My best friends were an Indian brother and sister. In my memory, they were named Banti and Apu, respectively--which is odd, since Apu is a boy's name, but, whatever.  They hailed from New Delhi and had servants and great outfits.  Our families lived in a fancy apartment house which has since become Vienna's Indonesian Embassy.  Inside those wrought iron gates we tricycled and climbed a small tree.  Once, Banti took a crap in the ornate swimming pool in the backyard--his log of a turd floating by the concrete lions who seemed to avert their eyes at the sight.  I loved Banti. Together we terrorized my little sister, Patti, and threw her stuffed monkey in the well--also in the backyard. Banti's little sister was shy and mostly hid behind her governess's skirts watching her brother being scolded.

I've been back to Vienna only a couple of times since, and each time I've trollied out to District Eleven to press my face against the iron gates of my formative home.  My last trip, I snuck in with my son, Sam. We squeezed through the shutting gate just behind a Diplomat who'd been buzzed in, and scurried 'round the back, to the daylight basement windows at the rear of the house which had vented our small family way back when.

Disappointingly, the windows looked into office space.  Where memory recalled a small desk where my father sat typing out a paper, calling to my mother for spelling reassurance, now sat metal tables upon which reams of paper lay.

Out back, no stuffed monkey in the well, no swimming pool in which to poop, and everything so much smaller.  Sam, of course, was nonplussed, as he had been with all of Europe, counting the minutes until he was free from being dragged abroad, back to his eggs and bacon breakfasts, his marathon Friends reruns. His garage poker games and furtive PBR swilling.

What will Sam's sentimental salmon-like returns to childhood entail, I wonder.
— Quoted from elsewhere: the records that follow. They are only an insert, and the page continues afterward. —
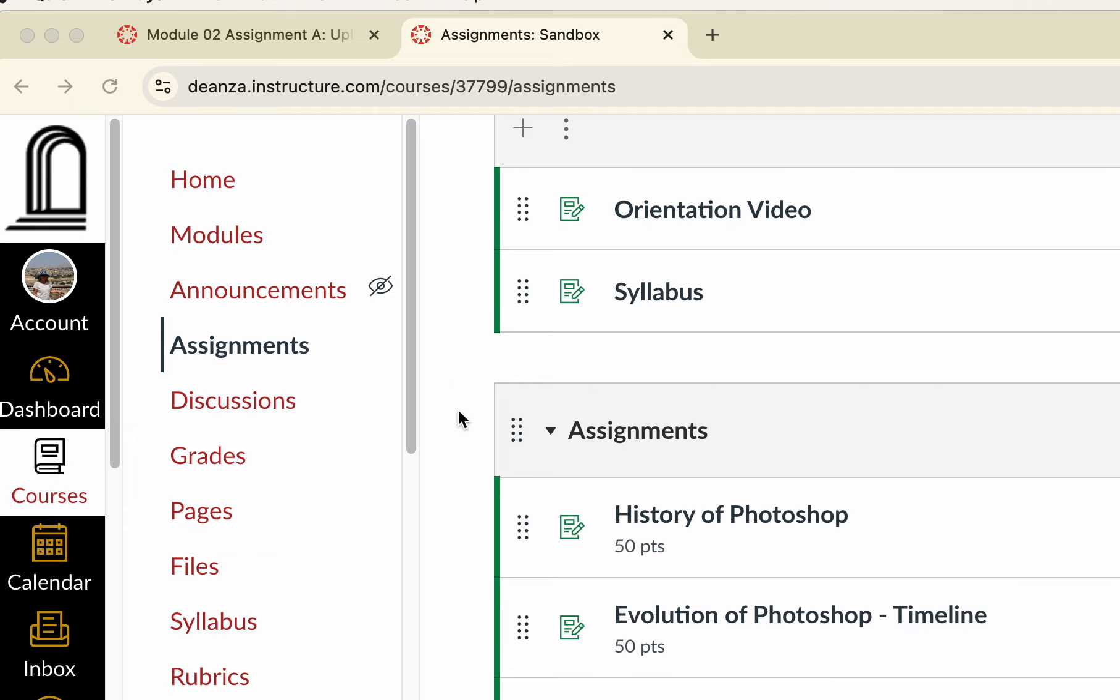When you log into Canvas, please take a look at the orientation video, read the syllabus, and the assignments are listed here. I'm also on the assignment link.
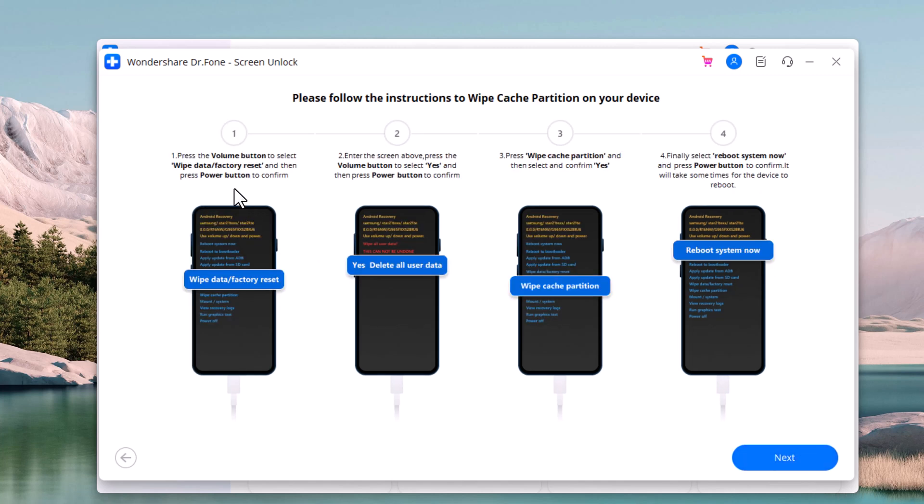Choose wipe data factory reset with volume button to select and use power button to confirm. Select yes and click power button to restart the device. After selecting the wipe cache partition, click yes to confirm. Then select the option reboot system now and click the power button to confirm.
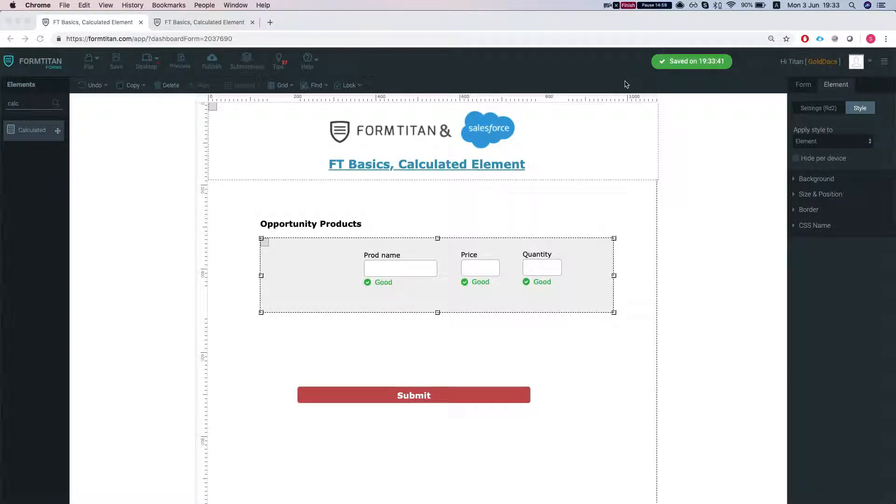Hey there Titans! Welcome to FormTitan Basics. In this video we will talk about the calculated element.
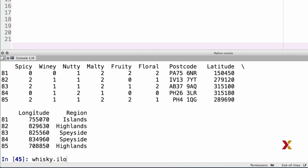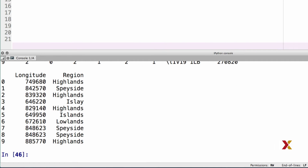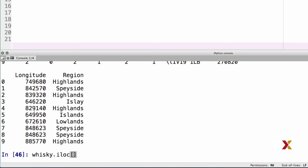We can use the iloc method to index a data frame by location. We'll type whisky.iloc and first specify the rows. In this case, we specified the rows from 0 to 10. As with standard Python, the start index is inclusive whereas the end index is exclusive, meaning the last row at index 10 is not included. We can use the same method to look at specific columns and specific rows — rows from 5 to 10 and columns from 0 to 5.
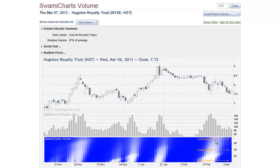Conventional wisdom has you buying on high volume in the direction of a move, such as here near 22 January. My observation is that that's not the case. It's probably better to wait until volume dries up and then trade in the direction of the price move.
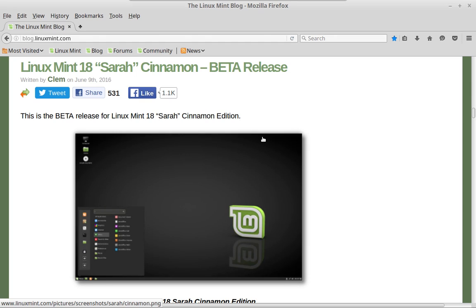Greetings and salutations. Thank you for clicking on this video. This is my first look at Linux Mint 18 Sarah Cinnamon, the beta release.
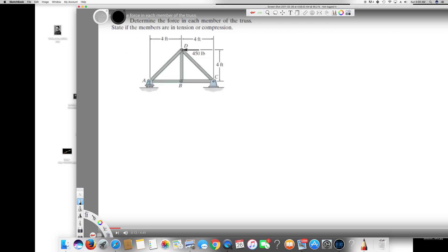First, we know the force is acting here, so we know this is going to be acting opposite to that. Therefore this one is going to be opposite, and this one goes through here. In the middle there's nothing because there's no force acting on it, therefore this is going to be acting opposite to this, and this one goes through like this — same here — and this one is acting downward. So we have found all the directions.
He's lived in Portland since the age of two, and currently resides less than ten miles from the bulk of his many formative homes.  But then, Sam is a much more pragmatic person than myself.  Even if he had been steeped in a somewhat exotic childhood landscape, with the children of dignitaries shitting up the Rococo garden features of his frame of reference, his notation of the act wouldn't be any larger than, say, his adolescent escapades where he and his buddies guzzled a gallon of milk in the park on a dare, just to see the color of their respective vomit.

But then, that's the beauty of half-remembered sentimental journeys.  One person's sacred construct is the next's person's shrugged shoulders.

1 comment:

  1. Really loved this, Suzy. Great writing, as always.